#### TASK DETAILS
Go to the line holding "You will have" in the entries below and write out exactly every line down to and including the line holding "Okay, so in".

Collected data entries:
★ ★ ★ ★ ★ ★ ★

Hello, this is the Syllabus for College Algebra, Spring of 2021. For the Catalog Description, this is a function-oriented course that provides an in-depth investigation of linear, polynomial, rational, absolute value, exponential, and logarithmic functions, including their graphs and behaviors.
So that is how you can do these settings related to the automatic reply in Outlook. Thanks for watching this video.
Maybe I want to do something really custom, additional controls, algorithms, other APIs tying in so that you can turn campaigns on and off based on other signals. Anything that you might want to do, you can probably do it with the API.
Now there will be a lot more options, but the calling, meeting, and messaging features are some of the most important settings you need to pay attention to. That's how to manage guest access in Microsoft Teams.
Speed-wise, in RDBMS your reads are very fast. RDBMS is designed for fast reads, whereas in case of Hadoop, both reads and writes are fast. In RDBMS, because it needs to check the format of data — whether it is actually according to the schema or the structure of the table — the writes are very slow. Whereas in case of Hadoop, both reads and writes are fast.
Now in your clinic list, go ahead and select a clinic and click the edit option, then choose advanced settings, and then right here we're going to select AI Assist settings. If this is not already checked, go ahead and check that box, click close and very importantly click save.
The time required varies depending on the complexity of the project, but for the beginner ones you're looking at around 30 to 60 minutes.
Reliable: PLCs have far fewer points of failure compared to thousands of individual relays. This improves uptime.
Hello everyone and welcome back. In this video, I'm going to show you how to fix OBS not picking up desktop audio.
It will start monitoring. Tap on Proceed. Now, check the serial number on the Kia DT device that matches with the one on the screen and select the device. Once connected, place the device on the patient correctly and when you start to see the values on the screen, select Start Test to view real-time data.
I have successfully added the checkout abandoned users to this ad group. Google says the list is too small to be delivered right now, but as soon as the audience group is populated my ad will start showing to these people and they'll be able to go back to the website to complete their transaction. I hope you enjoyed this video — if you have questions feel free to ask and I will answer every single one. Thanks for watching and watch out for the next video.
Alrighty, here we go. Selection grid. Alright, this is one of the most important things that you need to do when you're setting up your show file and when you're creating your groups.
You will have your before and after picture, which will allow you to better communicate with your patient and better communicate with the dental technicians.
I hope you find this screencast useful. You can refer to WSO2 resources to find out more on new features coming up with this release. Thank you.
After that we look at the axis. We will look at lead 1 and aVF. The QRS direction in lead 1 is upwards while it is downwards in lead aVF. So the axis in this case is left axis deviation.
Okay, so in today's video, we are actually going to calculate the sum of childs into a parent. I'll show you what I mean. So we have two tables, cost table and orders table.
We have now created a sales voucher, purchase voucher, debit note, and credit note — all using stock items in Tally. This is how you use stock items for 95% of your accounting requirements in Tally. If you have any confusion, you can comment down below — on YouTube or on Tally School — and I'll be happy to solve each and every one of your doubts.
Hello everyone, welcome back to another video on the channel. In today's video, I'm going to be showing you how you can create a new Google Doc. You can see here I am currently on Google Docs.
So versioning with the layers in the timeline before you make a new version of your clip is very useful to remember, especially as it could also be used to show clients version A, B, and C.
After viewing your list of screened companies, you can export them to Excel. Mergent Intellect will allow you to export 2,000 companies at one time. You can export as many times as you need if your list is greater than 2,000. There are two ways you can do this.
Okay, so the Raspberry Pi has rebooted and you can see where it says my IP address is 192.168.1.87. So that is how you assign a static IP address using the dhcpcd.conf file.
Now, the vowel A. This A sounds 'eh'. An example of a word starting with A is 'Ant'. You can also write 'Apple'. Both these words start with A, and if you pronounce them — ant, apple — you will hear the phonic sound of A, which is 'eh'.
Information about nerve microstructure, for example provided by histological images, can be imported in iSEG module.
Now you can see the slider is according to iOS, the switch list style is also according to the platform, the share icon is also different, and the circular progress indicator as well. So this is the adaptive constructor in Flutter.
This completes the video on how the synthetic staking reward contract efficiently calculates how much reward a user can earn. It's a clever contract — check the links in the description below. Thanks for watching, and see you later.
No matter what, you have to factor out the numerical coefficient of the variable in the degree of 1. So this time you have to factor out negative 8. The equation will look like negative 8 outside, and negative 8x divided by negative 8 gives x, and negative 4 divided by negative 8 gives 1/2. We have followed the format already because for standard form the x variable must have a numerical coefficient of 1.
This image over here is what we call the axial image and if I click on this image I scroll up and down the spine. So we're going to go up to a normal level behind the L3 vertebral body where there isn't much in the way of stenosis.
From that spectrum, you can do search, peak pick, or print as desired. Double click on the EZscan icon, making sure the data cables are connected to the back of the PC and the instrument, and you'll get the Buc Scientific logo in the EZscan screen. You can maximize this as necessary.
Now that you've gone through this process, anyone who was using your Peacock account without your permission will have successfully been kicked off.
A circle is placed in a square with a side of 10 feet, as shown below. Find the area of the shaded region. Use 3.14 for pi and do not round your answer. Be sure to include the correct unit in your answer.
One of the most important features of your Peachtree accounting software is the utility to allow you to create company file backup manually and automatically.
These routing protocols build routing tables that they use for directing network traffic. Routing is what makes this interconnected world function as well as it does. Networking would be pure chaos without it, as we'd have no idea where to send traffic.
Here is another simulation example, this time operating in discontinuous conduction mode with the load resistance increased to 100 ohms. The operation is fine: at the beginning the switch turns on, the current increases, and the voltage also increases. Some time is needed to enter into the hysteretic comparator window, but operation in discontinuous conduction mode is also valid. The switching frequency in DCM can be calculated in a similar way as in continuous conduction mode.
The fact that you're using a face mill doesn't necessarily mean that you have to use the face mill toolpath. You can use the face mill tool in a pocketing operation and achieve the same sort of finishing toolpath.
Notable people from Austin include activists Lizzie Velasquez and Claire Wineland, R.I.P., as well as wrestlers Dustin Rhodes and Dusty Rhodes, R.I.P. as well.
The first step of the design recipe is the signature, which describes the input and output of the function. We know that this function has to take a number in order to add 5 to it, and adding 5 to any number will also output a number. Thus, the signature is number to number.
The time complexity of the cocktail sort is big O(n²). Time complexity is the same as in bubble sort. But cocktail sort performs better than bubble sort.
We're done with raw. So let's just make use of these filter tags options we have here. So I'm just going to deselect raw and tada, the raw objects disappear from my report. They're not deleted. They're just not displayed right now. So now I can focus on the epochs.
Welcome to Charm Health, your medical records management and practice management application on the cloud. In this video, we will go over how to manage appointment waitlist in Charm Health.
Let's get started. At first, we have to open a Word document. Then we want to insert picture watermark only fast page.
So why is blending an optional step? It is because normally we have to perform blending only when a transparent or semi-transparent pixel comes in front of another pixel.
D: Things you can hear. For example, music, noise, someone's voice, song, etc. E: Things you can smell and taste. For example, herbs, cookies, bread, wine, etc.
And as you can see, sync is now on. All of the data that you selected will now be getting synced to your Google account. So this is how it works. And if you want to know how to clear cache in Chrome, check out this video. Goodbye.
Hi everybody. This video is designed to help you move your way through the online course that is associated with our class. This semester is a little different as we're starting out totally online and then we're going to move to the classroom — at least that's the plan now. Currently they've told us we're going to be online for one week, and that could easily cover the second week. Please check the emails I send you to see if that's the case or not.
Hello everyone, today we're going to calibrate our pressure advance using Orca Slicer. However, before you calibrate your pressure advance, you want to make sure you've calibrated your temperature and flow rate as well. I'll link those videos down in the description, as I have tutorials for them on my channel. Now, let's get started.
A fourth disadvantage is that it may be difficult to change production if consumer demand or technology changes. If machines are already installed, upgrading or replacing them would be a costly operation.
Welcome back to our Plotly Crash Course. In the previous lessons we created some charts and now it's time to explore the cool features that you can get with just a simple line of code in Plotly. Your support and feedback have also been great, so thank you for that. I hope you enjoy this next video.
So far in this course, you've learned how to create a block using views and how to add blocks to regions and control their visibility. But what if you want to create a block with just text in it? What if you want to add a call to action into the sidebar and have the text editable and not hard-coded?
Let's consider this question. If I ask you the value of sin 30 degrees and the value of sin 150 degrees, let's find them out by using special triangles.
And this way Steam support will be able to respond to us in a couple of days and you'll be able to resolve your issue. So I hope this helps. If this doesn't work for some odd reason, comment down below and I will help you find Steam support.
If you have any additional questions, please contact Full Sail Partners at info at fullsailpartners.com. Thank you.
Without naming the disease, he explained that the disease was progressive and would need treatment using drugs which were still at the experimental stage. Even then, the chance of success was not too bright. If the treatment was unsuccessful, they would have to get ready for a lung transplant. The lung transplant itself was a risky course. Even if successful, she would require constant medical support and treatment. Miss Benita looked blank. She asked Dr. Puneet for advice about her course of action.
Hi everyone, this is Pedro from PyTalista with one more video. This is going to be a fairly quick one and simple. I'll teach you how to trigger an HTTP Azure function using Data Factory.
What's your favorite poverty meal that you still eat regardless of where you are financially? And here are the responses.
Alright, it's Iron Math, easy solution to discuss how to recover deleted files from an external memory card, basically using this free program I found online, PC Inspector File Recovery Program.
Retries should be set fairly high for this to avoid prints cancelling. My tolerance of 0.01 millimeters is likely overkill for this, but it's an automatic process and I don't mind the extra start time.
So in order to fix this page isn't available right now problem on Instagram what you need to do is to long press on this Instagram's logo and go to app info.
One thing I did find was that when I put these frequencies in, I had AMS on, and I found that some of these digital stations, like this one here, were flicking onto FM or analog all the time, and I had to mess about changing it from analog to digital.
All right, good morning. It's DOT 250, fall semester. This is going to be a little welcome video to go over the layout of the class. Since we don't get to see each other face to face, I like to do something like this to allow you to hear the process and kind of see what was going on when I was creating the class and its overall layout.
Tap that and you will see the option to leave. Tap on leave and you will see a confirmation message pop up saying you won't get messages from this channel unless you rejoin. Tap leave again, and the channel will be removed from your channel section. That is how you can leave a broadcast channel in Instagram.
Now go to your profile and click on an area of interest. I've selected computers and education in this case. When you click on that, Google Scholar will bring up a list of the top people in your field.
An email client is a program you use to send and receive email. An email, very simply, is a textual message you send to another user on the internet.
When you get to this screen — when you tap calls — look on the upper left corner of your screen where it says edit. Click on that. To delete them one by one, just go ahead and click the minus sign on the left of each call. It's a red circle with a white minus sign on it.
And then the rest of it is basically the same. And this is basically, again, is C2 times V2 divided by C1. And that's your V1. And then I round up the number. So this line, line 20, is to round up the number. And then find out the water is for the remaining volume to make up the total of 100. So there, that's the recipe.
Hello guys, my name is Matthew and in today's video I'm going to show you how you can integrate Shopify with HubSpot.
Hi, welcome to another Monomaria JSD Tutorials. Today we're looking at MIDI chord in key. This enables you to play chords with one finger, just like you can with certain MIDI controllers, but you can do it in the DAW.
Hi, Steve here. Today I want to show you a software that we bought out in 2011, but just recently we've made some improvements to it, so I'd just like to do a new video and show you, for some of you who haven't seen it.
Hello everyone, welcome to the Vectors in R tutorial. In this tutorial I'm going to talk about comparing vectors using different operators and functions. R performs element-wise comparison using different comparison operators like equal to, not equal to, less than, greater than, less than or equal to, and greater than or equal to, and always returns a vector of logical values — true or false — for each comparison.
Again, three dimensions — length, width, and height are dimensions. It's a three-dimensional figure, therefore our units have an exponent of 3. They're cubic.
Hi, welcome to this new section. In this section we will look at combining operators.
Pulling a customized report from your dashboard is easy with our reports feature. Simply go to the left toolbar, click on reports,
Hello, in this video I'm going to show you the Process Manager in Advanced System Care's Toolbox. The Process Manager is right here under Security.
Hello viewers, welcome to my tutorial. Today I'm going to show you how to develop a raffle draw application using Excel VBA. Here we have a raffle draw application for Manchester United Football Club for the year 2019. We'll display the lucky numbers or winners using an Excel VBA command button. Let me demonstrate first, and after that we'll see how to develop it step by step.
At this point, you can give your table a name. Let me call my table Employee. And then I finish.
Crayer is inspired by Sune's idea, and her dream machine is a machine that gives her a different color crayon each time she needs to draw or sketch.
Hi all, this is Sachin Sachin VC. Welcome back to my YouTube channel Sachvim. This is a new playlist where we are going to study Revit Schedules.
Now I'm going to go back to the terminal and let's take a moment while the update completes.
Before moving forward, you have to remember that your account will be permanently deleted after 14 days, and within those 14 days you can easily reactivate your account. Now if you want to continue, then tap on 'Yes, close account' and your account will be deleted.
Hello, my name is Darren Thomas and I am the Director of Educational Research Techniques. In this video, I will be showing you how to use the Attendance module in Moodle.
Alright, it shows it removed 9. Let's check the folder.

★ ★ ★ ★ ★ ★ ★

#### SOLUTION TO THIS PROBLEM
You will have your before and after picture, which will allow you to better communicate with your patient and better communicate with the dental technicians.
I hope you find this screencast useful. You can refer to WSO2 resources to find out more on new features coming up with this release. Thank you.
After that we look at the axis. We will look at lead 1 and aVF. The QRS direction in lead 1 is upwards while it is downwards in lead aVF. So the axis in this case is left axis deviation.
Okay, so in today's video, we are actually going to calculate the sum of childs into a parent. I'll show you what I mean. So we have two tables, cost table and orders table.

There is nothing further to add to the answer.